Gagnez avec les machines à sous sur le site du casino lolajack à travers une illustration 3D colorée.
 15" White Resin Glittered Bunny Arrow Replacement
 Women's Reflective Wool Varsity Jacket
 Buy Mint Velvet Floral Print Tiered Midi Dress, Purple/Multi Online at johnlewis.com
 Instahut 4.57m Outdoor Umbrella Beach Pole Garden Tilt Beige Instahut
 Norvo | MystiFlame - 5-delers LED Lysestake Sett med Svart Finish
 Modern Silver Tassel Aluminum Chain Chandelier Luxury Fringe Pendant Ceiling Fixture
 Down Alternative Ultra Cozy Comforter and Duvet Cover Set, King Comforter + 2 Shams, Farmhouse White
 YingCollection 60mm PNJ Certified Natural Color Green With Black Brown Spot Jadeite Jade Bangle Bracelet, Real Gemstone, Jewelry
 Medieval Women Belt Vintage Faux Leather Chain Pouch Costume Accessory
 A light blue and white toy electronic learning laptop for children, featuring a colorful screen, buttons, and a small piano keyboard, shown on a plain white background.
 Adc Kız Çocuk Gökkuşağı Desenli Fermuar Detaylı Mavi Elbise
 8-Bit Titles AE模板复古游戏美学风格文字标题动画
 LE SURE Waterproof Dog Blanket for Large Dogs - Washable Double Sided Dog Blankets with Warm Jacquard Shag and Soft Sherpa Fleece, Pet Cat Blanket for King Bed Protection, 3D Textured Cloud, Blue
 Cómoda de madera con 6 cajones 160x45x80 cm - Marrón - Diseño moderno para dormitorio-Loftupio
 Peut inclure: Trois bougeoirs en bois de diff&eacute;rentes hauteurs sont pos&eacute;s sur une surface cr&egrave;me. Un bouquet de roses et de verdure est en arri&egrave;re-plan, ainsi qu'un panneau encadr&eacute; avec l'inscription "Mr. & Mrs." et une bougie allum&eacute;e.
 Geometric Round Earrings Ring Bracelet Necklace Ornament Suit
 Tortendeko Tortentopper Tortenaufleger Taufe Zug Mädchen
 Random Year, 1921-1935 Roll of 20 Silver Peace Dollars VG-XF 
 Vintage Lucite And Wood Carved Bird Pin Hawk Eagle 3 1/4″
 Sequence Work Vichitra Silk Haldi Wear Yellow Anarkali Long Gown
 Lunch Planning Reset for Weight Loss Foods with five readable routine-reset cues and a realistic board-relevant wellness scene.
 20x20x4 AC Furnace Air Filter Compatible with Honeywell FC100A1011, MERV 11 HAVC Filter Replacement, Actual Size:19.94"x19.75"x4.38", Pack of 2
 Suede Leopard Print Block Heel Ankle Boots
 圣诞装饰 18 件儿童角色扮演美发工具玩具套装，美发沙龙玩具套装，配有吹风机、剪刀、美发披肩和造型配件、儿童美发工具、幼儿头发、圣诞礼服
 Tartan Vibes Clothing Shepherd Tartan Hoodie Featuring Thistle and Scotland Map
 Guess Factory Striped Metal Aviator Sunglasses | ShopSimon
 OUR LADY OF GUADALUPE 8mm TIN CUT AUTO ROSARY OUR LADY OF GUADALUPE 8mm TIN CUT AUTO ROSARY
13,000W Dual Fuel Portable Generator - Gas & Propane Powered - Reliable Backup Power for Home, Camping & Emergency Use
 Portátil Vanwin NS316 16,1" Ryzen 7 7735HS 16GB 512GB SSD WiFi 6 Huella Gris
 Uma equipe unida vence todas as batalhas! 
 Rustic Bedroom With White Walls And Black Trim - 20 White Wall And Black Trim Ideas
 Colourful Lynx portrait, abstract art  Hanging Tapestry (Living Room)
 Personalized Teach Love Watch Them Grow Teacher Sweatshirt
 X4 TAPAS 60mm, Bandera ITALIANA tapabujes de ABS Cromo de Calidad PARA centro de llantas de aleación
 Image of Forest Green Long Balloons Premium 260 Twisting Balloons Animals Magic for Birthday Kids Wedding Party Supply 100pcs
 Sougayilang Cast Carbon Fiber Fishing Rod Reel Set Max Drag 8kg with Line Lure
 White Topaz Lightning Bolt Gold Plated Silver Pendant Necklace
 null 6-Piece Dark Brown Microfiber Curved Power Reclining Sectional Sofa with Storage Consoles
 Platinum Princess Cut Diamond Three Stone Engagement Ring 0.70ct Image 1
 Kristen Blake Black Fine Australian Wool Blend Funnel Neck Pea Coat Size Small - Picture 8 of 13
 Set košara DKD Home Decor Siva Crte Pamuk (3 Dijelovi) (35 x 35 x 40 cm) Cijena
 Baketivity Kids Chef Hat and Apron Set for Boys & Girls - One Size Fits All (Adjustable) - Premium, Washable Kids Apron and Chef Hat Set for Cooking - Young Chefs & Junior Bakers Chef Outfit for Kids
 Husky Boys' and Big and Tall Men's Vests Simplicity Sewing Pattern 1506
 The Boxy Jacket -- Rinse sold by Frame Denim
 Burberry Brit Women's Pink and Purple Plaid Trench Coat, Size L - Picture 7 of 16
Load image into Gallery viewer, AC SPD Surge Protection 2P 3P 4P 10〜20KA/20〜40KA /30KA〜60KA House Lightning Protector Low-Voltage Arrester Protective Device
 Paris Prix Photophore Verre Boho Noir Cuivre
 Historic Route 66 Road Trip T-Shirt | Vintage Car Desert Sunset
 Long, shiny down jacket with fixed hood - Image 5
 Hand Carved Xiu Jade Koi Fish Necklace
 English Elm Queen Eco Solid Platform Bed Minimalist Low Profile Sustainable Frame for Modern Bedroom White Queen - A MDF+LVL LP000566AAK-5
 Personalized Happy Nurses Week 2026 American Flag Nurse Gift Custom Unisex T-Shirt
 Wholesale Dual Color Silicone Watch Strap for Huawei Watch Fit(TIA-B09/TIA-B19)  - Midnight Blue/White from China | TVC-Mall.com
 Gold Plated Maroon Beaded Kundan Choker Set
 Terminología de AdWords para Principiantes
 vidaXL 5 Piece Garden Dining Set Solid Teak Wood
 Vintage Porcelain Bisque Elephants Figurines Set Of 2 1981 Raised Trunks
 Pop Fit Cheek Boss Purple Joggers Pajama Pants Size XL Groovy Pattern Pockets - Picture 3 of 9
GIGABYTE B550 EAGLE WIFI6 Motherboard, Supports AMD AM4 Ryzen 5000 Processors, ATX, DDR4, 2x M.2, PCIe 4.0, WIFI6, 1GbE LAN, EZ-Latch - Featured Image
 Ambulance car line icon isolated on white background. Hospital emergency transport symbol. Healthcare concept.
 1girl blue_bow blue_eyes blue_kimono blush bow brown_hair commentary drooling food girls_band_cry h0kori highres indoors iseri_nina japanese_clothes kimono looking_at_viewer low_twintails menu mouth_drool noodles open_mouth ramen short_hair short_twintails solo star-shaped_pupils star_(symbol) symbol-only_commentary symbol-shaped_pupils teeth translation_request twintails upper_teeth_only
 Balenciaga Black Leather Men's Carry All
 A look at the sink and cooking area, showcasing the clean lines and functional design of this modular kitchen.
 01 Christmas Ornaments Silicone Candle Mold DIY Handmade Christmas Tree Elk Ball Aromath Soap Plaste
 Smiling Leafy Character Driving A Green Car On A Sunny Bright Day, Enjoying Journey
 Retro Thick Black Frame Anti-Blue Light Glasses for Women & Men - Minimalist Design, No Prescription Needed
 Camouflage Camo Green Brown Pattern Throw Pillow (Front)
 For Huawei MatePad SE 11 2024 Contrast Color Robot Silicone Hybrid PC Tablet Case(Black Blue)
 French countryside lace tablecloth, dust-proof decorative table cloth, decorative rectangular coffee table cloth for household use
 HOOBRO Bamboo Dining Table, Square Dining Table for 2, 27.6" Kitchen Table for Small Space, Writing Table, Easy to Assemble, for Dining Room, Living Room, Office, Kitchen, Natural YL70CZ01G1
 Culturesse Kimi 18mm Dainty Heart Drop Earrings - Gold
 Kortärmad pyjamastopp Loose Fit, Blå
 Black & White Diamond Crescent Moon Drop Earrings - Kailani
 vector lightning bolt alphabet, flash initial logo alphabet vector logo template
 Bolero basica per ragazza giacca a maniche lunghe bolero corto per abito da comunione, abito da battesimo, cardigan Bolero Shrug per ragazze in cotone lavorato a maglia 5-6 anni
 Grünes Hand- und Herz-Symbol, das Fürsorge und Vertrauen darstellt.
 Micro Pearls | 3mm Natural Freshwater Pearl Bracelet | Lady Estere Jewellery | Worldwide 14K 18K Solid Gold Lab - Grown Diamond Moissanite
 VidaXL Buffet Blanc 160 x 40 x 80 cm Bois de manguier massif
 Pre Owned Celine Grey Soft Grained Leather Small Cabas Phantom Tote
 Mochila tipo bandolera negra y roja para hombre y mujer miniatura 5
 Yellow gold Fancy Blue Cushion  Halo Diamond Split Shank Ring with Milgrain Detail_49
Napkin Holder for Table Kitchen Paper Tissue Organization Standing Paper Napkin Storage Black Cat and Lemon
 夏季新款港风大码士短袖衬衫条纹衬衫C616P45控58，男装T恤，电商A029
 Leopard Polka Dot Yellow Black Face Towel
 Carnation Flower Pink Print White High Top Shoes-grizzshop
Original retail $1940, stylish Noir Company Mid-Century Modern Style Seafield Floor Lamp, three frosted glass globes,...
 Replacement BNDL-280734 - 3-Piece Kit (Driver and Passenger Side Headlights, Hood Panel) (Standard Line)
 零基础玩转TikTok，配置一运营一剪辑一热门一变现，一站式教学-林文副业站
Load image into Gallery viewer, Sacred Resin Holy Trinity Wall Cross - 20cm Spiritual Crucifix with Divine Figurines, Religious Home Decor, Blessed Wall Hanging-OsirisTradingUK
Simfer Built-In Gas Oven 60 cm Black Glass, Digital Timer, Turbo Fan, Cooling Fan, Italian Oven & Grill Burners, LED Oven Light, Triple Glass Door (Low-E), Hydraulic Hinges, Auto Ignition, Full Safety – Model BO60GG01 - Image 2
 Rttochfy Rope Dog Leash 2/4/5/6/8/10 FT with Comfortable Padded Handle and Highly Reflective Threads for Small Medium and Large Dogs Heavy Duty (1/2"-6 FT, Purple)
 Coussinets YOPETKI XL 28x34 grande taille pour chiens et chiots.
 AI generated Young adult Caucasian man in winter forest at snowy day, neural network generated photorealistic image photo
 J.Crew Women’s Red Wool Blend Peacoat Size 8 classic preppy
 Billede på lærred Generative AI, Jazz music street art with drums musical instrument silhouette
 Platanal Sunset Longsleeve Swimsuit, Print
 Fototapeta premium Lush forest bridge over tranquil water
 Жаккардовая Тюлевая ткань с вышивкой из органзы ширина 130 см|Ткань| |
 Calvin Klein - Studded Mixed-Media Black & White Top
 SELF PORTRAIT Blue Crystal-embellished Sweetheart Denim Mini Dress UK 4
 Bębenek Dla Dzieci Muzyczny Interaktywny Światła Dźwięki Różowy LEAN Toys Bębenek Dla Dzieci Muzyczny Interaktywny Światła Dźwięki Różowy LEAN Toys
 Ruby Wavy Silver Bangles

Exercise brief: Look above for the line containing "Kortärmad pyjamastopp Loose Fit, Blå" and the line containing "Original retail $1940, stylish". Transcribe both, with the lines between them, exactly.

Final answer:
 Kortärmad pyjamastopp Loose Fit, Blå
 Black & White Diamond Crescent Moon Drop Earrings - Kailani
 vector lightning bolt alphabet, flash initial logo alphabet vector logo template
 Bolero basica per ragazza giacca a maniche lunghe bolero corto per abito da comunione, abito da battesimo, cardigan Bolero Shrug per ragazze in cotone lavorato a maglia 5-6 anni
 Grünes Hand- und Herz-Symbol, das Fürsorge und Vertrauen darstellt.
 Micro Pearls | 3mm Natural Freshwater Pearl Bracelet | Lady Estere Jewellery | Worldwide 14K 18K Solid Gold Lab - Grown Diamond Moissanite
 VidaXL Buffet Blanc 160 x 40 x 80 cm Bois de manguier massif
 Pre Owned Celine Grey Soft Grained Leather Small Cabas Phantom Tote
 Mochila tipo bandolera negra y roja para hombre y mujer miniatura 5
 Yellow gold Fancy Blue Cushion  Halo Diamond Split Shank Ring with Milgrain Detail_49
Napkin Holder for Table Kitchen Paper Tissue Organization Standing Paper Napkin Storage Black Cat and Lemon
 夏季新款港风大码士短袖衬衫条纹衬衫C616P45控58，男装T恤，电商A029
 Leopard Polka Dot Yellow Black Face Towel
 Carnation Flower Pink Print White High Top Shoes-grizzshop
Original retail $1940, stylish Noir Company Mid-Century Modern Style Seafield Floor Lamp, three frosted glass globes,...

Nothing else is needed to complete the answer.